▶ **Exercise**: Below are some records. Pull every line that contains the word "Vintage".

--- Data shown Enclosed Below ---

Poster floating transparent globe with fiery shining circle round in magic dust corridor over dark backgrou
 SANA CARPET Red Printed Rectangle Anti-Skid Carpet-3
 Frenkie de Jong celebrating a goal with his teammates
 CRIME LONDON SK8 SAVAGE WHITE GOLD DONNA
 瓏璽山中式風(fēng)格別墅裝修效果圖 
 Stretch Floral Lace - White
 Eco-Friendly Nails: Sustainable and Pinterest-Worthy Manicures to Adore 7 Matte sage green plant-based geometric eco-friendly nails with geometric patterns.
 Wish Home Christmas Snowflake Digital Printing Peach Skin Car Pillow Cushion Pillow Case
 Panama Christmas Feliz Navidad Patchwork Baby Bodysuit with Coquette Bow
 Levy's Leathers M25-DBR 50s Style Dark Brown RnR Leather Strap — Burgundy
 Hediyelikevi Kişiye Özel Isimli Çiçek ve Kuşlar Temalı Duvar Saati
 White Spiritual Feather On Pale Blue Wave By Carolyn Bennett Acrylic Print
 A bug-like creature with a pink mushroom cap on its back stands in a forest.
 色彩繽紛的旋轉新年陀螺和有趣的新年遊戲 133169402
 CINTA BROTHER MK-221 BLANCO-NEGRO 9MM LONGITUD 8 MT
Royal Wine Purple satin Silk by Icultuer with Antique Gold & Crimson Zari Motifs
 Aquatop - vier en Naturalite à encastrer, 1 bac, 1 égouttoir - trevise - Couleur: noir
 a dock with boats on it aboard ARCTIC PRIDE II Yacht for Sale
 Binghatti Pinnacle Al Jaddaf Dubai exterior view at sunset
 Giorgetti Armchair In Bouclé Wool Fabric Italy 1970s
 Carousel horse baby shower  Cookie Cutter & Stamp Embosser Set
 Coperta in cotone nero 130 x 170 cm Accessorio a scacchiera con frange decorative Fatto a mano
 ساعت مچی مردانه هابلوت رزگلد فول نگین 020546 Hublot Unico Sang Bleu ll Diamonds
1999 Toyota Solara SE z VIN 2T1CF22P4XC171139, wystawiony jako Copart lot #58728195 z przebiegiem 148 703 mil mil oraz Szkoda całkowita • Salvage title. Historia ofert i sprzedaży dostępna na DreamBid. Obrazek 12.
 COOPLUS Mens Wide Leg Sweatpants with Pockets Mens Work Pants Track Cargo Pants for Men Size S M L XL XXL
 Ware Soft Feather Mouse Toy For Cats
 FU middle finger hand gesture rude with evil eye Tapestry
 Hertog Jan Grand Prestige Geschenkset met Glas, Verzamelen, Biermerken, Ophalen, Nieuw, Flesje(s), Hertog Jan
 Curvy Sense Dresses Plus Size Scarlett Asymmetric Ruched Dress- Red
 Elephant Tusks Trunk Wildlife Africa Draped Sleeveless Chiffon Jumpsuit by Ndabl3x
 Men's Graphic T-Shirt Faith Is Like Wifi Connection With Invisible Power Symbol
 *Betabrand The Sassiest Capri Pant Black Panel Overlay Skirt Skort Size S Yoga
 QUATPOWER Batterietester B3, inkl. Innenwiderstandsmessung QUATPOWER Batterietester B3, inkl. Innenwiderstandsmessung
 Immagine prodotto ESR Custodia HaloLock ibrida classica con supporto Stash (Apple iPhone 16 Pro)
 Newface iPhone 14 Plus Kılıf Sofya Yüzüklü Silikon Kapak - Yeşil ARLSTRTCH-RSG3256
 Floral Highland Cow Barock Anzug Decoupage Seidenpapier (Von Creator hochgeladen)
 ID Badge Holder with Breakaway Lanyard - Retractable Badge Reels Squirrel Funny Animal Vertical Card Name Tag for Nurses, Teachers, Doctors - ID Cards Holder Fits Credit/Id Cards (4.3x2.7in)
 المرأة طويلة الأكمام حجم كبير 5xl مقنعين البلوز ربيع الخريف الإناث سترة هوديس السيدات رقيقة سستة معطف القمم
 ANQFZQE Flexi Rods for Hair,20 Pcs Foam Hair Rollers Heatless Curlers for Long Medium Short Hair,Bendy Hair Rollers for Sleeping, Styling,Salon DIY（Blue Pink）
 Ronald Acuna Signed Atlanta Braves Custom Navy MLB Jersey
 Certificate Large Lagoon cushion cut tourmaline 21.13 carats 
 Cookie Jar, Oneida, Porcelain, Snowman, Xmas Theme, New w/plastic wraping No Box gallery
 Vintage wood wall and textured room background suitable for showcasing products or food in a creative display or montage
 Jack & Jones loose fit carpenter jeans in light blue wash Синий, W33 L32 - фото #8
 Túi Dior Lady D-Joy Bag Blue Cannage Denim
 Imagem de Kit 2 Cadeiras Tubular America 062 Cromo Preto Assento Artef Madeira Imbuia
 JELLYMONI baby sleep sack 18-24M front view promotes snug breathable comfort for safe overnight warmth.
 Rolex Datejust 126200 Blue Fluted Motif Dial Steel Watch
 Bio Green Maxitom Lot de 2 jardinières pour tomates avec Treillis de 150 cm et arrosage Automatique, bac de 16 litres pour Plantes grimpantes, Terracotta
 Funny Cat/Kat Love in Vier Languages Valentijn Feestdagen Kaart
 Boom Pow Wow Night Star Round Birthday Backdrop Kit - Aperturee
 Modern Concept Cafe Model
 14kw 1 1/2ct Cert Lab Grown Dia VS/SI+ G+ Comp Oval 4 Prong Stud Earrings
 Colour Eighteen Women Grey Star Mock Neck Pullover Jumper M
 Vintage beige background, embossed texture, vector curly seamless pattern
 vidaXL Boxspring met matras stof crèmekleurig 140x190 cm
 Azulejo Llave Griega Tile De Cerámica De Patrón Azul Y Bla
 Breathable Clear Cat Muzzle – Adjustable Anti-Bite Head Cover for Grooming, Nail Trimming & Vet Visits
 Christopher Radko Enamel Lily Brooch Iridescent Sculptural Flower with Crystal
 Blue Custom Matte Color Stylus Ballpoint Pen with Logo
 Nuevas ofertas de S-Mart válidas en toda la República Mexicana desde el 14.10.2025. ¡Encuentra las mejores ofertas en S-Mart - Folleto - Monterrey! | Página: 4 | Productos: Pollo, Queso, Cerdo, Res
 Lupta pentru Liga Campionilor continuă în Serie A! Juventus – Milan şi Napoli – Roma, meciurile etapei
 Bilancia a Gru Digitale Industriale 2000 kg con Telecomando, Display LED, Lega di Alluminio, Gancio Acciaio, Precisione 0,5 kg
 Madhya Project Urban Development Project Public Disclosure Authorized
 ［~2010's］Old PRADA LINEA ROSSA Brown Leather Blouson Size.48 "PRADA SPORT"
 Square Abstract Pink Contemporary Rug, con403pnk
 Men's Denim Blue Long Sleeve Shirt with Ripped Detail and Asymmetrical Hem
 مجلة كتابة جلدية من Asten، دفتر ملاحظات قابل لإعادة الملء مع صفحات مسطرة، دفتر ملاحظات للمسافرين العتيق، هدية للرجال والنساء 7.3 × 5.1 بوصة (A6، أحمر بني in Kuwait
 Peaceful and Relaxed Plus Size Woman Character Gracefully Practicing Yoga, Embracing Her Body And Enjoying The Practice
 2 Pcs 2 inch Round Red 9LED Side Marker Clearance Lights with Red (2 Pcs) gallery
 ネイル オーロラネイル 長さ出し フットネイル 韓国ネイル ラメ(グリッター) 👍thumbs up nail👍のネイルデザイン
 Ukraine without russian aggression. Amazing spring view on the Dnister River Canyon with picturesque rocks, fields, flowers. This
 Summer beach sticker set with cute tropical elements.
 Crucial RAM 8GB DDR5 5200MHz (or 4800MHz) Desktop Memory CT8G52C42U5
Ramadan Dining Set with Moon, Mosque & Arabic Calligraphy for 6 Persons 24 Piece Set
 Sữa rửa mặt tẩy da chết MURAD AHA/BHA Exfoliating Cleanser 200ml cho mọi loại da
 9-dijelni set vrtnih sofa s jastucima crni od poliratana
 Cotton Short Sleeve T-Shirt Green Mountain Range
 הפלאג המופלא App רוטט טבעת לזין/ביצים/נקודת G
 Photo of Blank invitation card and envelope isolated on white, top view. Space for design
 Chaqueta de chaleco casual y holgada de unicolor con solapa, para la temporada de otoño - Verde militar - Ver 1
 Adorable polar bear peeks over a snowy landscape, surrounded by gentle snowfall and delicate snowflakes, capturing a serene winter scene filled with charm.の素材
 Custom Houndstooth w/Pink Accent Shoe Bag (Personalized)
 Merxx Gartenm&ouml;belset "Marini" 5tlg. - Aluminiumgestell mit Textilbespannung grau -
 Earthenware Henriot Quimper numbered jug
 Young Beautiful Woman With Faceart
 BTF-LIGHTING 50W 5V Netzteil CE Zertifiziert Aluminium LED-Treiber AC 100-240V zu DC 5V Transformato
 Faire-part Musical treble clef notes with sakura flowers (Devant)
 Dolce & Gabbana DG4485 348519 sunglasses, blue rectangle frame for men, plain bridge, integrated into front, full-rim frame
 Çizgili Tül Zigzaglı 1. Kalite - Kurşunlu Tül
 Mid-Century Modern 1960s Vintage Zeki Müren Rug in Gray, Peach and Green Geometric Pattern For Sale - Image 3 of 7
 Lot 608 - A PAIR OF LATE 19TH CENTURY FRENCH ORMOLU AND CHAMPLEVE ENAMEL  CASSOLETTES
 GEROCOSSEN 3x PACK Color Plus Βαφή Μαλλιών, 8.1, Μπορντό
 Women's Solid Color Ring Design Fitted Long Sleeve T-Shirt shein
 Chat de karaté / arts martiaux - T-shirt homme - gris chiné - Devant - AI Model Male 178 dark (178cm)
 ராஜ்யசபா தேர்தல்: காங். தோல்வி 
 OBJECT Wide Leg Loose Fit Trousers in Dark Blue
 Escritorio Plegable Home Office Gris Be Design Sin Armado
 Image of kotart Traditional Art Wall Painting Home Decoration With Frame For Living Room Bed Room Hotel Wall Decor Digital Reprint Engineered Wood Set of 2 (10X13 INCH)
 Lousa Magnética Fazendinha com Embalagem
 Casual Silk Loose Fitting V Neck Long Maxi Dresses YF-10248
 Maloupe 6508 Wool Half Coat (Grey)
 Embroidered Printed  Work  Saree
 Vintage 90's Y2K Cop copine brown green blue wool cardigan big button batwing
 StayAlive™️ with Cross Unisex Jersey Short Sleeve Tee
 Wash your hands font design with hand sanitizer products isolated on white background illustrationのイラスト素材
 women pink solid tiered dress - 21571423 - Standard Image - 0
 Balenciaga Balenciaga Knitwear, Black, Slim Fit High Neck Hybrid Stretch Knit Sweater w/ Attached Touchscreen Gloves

--- End of Enclosed Data shown ---

▶ **Exercise solution**:
 Vintage wood wall and textured room background suitable for showcasing products or food in a creative display or montage
 Vintage beige background, embossed texture, vector curly seamless pattern
 Mid-Century Modern 1960s Vintage Zeki Müren Rug in Gray, Peach and Green Geometric Pattern For Sale - Image 3 of 7
 Vintage 90's Y2K Cop copine brown green blue wool cardigan big button batwing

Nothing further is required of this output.